In this section you will find activities which investigate two artworks side by side, asking learners to find similarities and differences.
Pieter Bruegel the Elder, Landscape with Flight into Egypt, 1563
This painting depicts the story of the Holy Family (Mary on a donkey, holding the infant baby Jesus, being led by Joseph) fleeing Jerusalem under the rule of Herod, to Egypt.
The swooping panoramic landscape in this painting, depicted from an elevated viewpoint, is imaginary. It is thought to be inspired by Bruegel’s own journey to Italy, crossing the Alps.
The artist’s biographer Karl van Mander wrote:
“He swallowed up the mountains and rocks to throw them back up again… on canvases and panels.”
Although the painting depicts a story, the real focus is not on the people but on the landscape.
Paul Cézanne, Montagne Sainte-Victoire with Large Pine, c.1887
The Montagne Saint-Victoire is a mountain ridge which lies to the east of Aix-en-Province, Paul Cézanne’s hometown, in the south of France. Cézanne painted the mountain many times throughout his career. For him it came to symbolize home.
The landscape is based on Cézanne’s observations from a viewpoint overlooking the valley of the Arc river and is one of several versions he painted of the same view.
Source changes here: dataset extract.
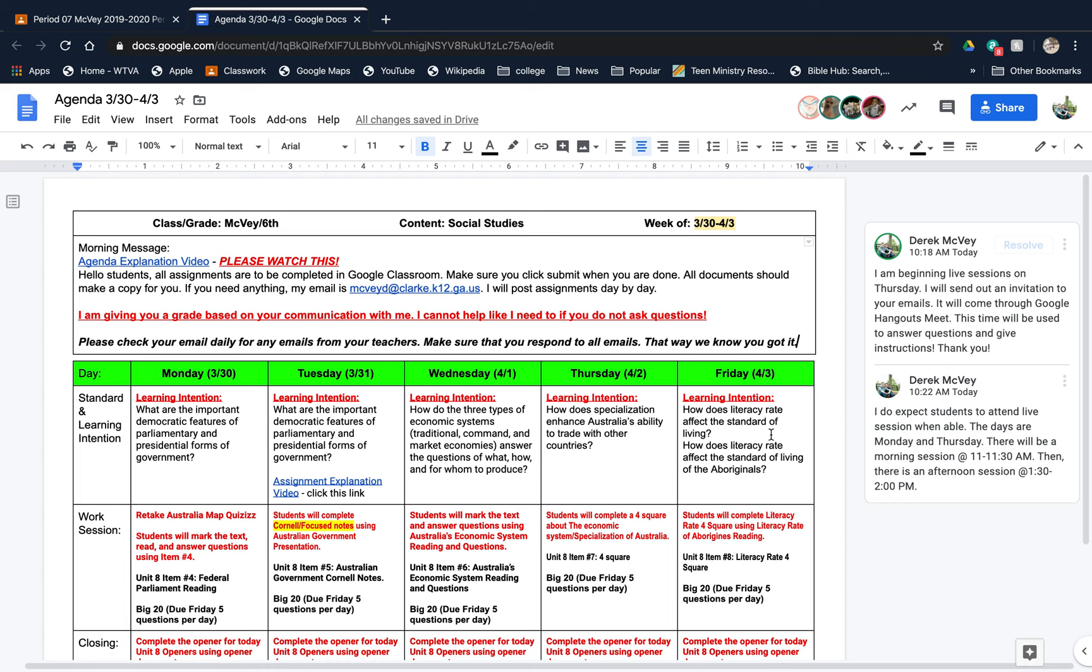This time will be for you to ask questions and for me to give more clear instructions. That starts on Thursday, 4/2. There will be a morning session from 11:00 to 11:30 a.m. and an afternoon session from 1:00 to 2:00 p.m.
Here the branches of the pine trees shimmer in the breeze as they follow the contours of the mountain ridge. By using this device, Cézanne makes the distant mountain seem closer and larger. Whilst the landscape may feel timeless, the presence of the railway viaduct on the right would have been a strongly contemporary reference for viewers in the late 1880s.
Cezanne uses blocks of bold colour, with blues to create atmosphere and yellows and reds to reflect the light, suggesting the sunny warmth of the south of France.
Suggested Further Activities
Learners can create a Venn diagram to compare two artworks, noting elements unique to each artwork in the outer circles, and elements applicable to both artworks in the overlapping section.
Yellow section: What I can see in the left painting
Blue section: What I can see in the right painting
Green section: What I can see in both paintings
When learners feel confident in using this technique, you could introduce a third artwork, looking for similarities in all three works, similarities between two works and elements only applicable to the individual works.
You can use this technique to compare any of the artworks of your choice, including those featured in our ESOL resources, The Courtauld Collection and the collections of other museums and galleries.
Compare and Contrast in Everyday Life:
Higher level ESOL learners can apply the same investigation techniques to compare all sort of things that they encounter day to day. This might be their journey to college, a piece of music they enjoy or their favourite film, anything at all!
Learners should work in pairs, taking it in turns to describe the individual elements that make up their chosen thing, for example if they were comparing films they might describe what genre of film it is, whether it’s live action or animated, who the lead actors are etc. Learners will then work together to figure out whether there are any similarities between both things.